[Your instructions] Return all of the data exactly, omitting any images.

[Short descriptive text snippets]

::::

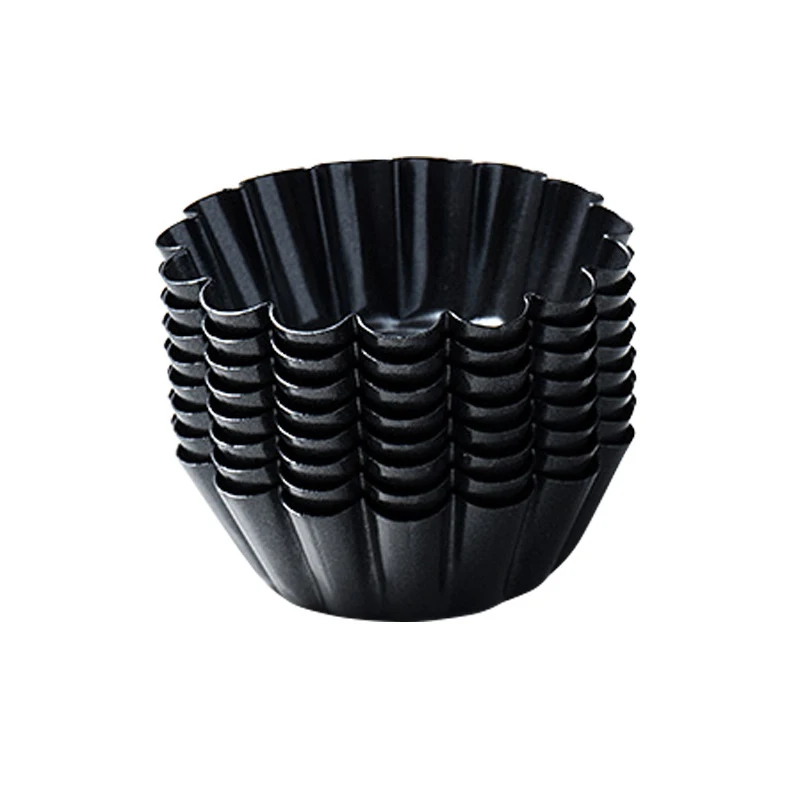 Reusable Thickened Non-Stick Carbon Steel Tart Molds, Baking Cups for Egg Tart, Pudding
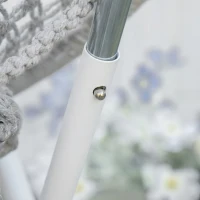 Outsunny Loveuse fauteuil rond de jardin fauteuil lune papasan pliable grand confort macramé coton polyester gris(m-9)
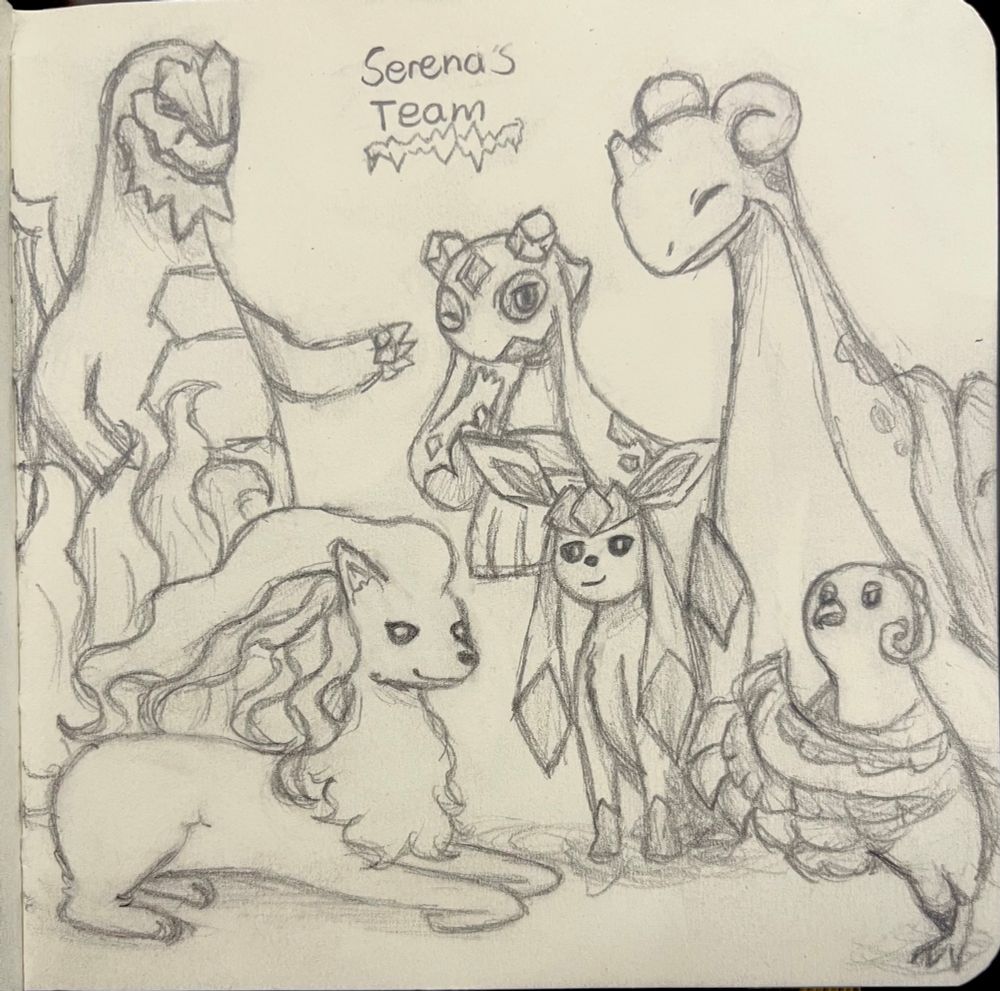 Serena’s ace pokemon Alolan Ninetales is lying down in the bottom left corner of the page. Next to it is Glaceon sitting down, and next to Glaceon is Baile style Oricorio posed up with its wing covering over itself✨

Behind Ninetales is Baxcalibur standing happy, next to it is Froslass floating and looking mischievous, and next to it is Lapras looking happy as well
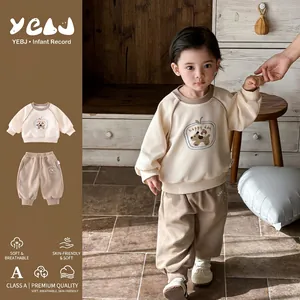 Completo Felpa e Pantaloni da Bambino con Stampa di Cani Cartoni Animati in Misto Cotone Manica Lunga Casual Primaverile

::::

[Result of the exercise]
 Reusable Thickened Non-Stick Carbon Steel Tart Molds, Baking Cups for Egg Tart, Pudding
 Outsunny Loveuse fauteuil rond de jardin fauteuil lune papasan pliable grand confort macramé coton polyester gris(m-9)
 Serena’s ace pokemon Alolan Ninetales is lying down in the bottom left corner of the page. Next to it is Glaceon sitting down, and next to Glaceon is Baile style Oricorio posed up with its wing covering over itself✨

Behind Ninetales is Baxcalibur standing happy, next to it is Froslass floating and looking mischievous, and next to it is Lapras looking happy as well
 Completo Felpa e Pantaloni da Bambino con Stampa di Cani Cartoni Animati in Misto Cotone Manica Lunga Casual Primaverile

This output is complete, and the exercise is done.